We also talked about the Court’s decision making process. He told us he missed his days on the court of appeals when he would “sit down with two others and try to resolve [a case].” He explained that the Justices don’t talk about a case before it’s argued. He gets a short bench memo on the case from his clerks before oral argument. Oral argument serves as one of the main ways that the Justices talk to each other about their positions. I guess that explains why the lawyers at argument that morning nearly got whiplash responding to the Justices’ rapid-fire questions. He explained that the Justices have a conference a day or two after oral argument, but that’s not really used to convince others of your view. He said the conference is more of an opportunity to articulate your view and note the views of others in the event you get assigned the case. He said he used to go chamber to chamber, but didn’t find that very productive. The clerks of course are another means of communication for the Justices. That got me wondering—is this really the best way for nine men and women to resolve the most important issues affecting the entire nation? Why can’t they just sit down and talk about them? Isn’t it possible that a meaningful exchange of ideas might lead to better decisions? Justice Scalia’s nostalgia for his time on the intermediate appellate court suggests there might be something to this. Anyway, we were near the end of our time . . .
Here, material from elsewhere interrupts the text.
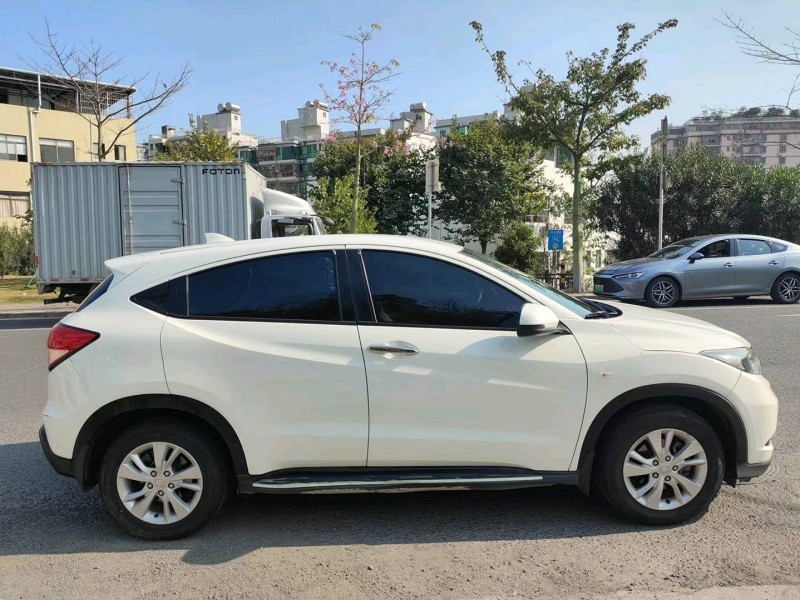 广州17年本田缤智4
In what’s familiar ground in many of his talks, we ended with Justice Scalia’s thoughts on the real constitution. As he has done before, he articulated the view that it’s not the Bill of Rights that makes us free. “Every banana republic has a bill of rights,” he explained. That’s just paper. The real constitution, he emphasized—the real protection of our freedoms—is our constitutional structure that prevents the centralization of power, including an independent judiciary, a bicameral legislature, and a separately elected President.
It’s not every day you get to chat with one of the nine. I’m glad I got to do it and to bring eighteen members of the bench with me.
Ms. Smith: Thank you for sharing that with us – it was almost as good as being there!
Yes, thank you for taking the time to post this, Professor Smith.
Wow…what a great job you have. To do something like that is nothing I ever imagined I would ever experience. Lucky you!
I tend to think that Chief Justice Rehnquist, of happy memory, gave a satisfying answer to the answer to the question “is this really the best way for nine men and women to resolve the most important issues affecting the entire nation” in his book “The Supreme Court.” The answer is yes. The thing to realize is that the justices do have a chance to interact and have a meaningful exchange of ideas: In the writing. The function of the conference is to determine, in at least a tentative way, how each justice sees the case, and thus how the court is going, and thus to start the writing process.